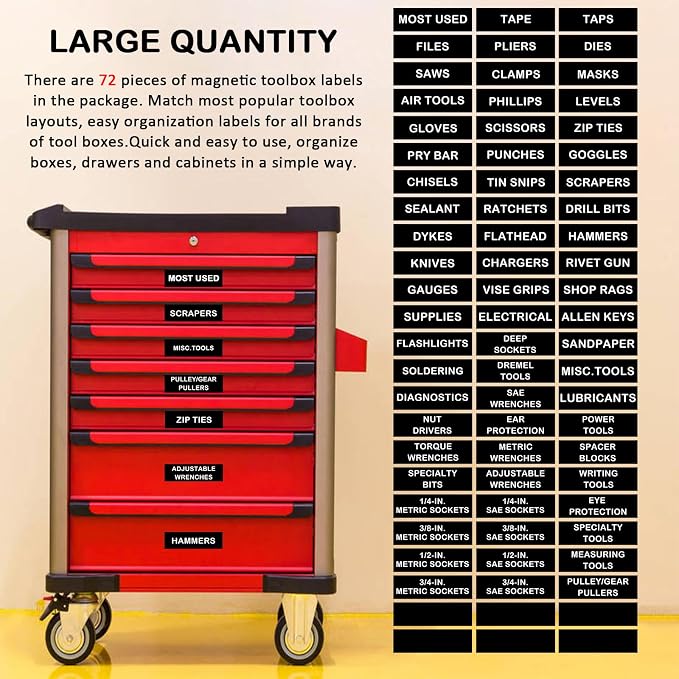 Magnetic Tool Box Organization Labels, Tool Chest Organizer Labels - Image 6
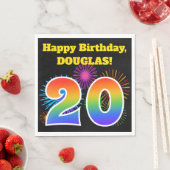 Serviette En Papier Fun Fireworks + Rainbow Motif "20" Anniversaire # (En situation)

...

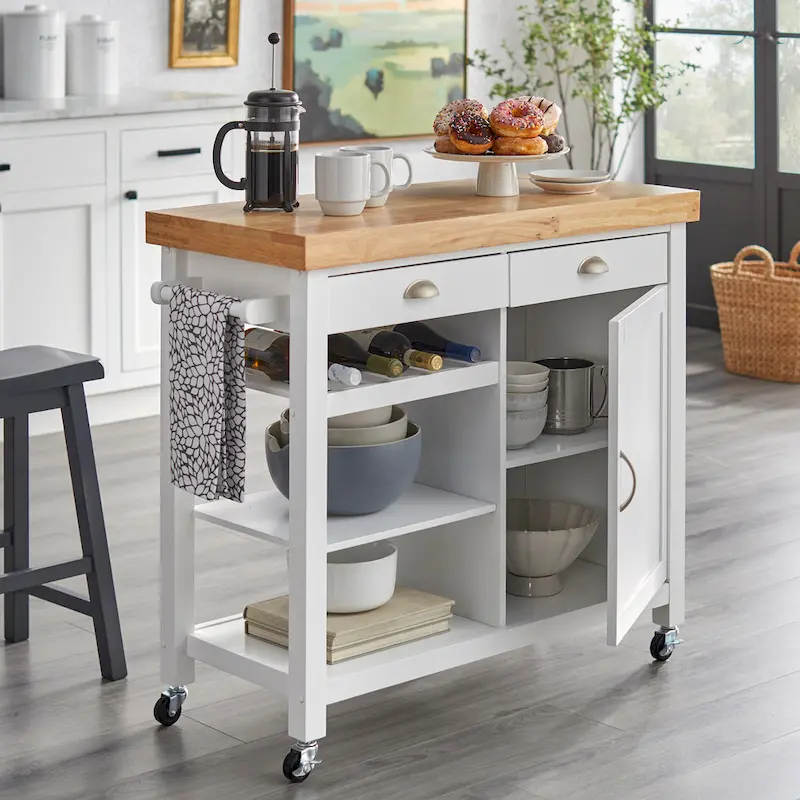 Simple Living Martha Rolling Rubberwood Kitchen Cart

* * *

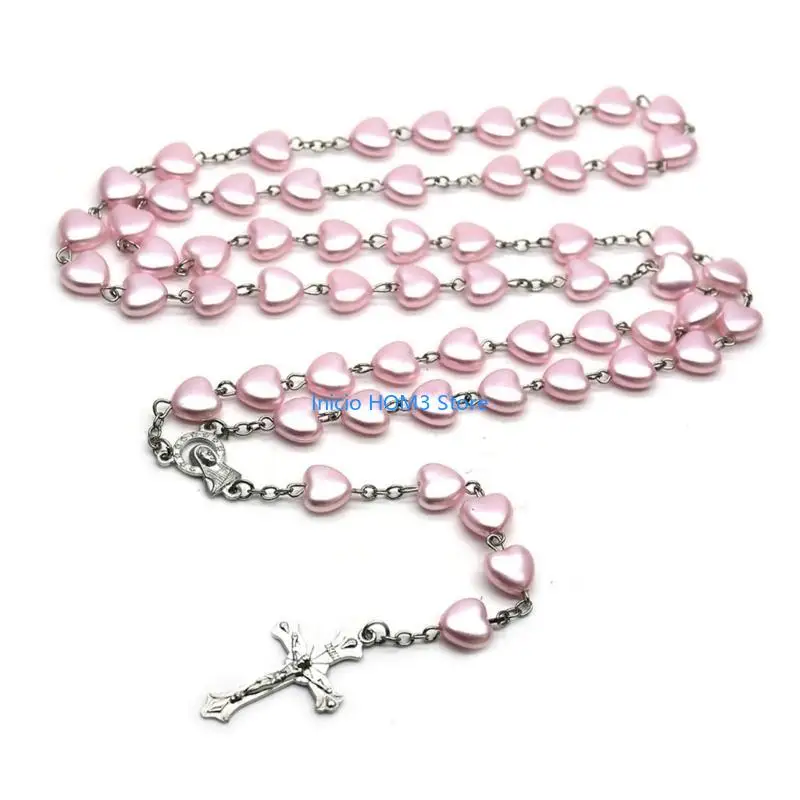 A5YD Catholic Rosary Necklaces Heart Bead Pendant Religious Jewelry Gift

■ What you should do:
In the listing above, find the line with "Magnetic Tool Box" and the line with "Serviette En Papier". Copy both of them and every line between, exactly, but not the pictures.

■ Task solution:
 Magnetic Tool Box Organization Labels, Tool Chest Organizer Labels - Image 6
 Serviette En Papier Fun Fireworks + Rainbow Motif "20" Anniversaire # (En situation)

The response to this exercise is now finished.